Pour ses partisans, la percée ces dernières semaines de Jean-Luc Mélenchon, personnalité très clivante, pourrait jouer en sa faveur, en remobilisant les électeurs de droite. Les fillonistes agitent la menace d'un deuxième tour entre deux extrêmes, en insistant sur l'audience de Marine Le Pen.

À gauche, la perplexité n'est pas moindre face à une offre éclatée: vainqueur-surprise de la primaire de son camp, le socialiste Benoît Hamon pâtit de la percée de M. Mélenchon et du ralliement de ténors socialistes à Emmanuel Macron.

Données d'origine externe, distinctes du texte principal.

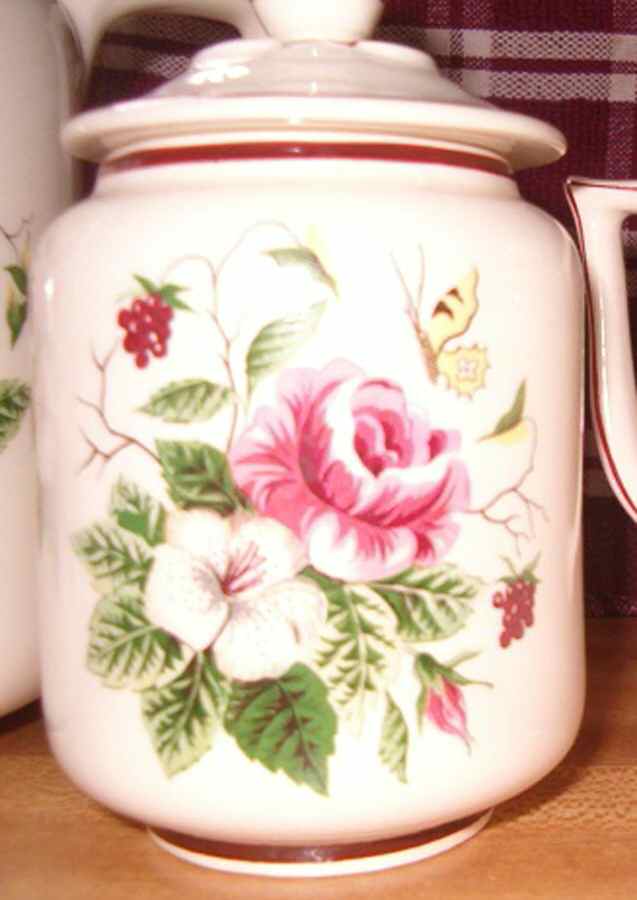 KNO882 Sugar Bowl & Lid by Edwin Knowles-1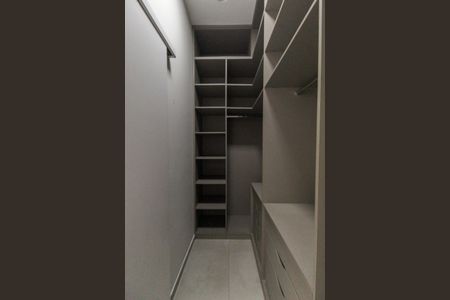 Casa à venda com 252m², 4 quartos e 3 vagasCloset da Suíte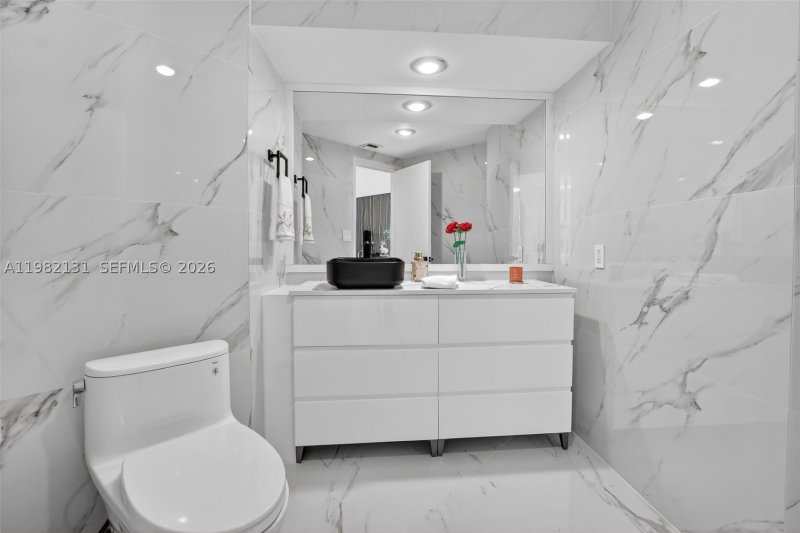 Comprar apartamento en 4000 Williams Island 2301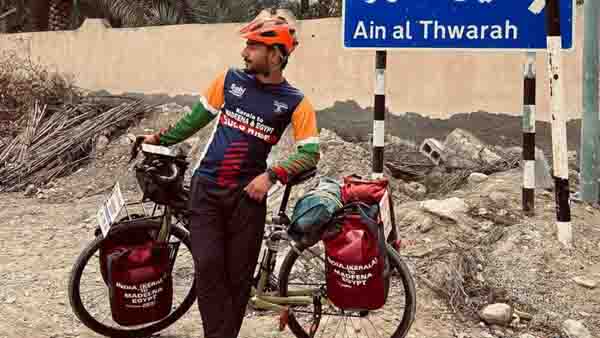 യാത്ര സ്പെഷ്യലായിരിക്കണം യാത്ര സ്പെഷ്യലായിരിക്കണം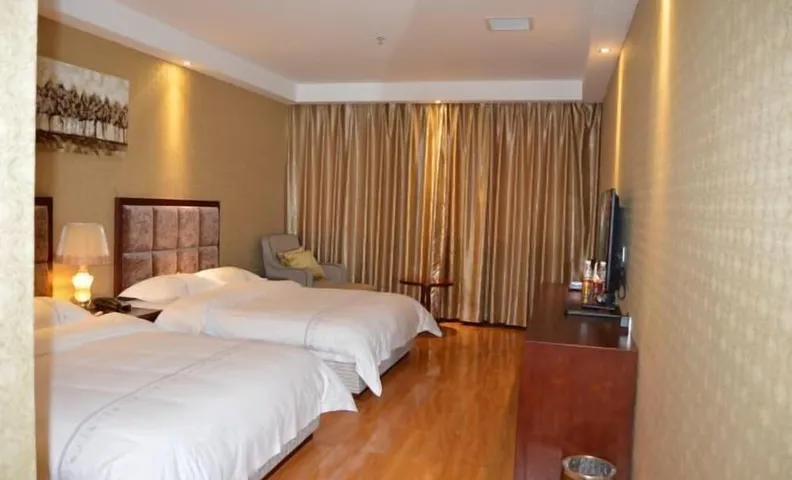 The westside Lancaster Hotel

Benoît Hamon s'accroche néanmoins et arpente l'ouest du pays en ce weekend pascal pour tenter de convaincre: «Mettez le paquet», a-t-il lancé à ses fidèles.

Pour sa part, Jean-Luc Mélenchon l'affirme dimanche dans les colonnes du quotidien le Parisien: «Je serai au second tour». Accusé de populisme par ses détracteurs, cet antimondialiste critique de l'Europe, réfute être d'extrême gauche et se décrit en homme «passionné» et insoumis face aux ordres établis capitalistes et libéraux.

Pendant ce temps, Emmanuel Macron, benjamin des candidats de 39 ans, semble vouloir éviter toute prise de risque. Celui qui ne se veut «ni de gauche, ni de droite» et incarne le renouvellement pour ses partisans, continue d'aller «au contact» des Français «calme, serein et déterminé».

Sa percée dans cette campagne en a fait une cible de bon nombre de ses adversaires, et notamment de Marine Le Pen.

La chef du Front national l'a ainsi attaqué frontalement en rassemblement samedi, estimant qu'avec lui au pouvoir «ce serait l'islamisme en marche».

Et de presser ses partisans: «Chacun de vous devez convaincre un indécis ou prendre par la main un abstentionniste». «Poussez fort les portes de l'Élysée!».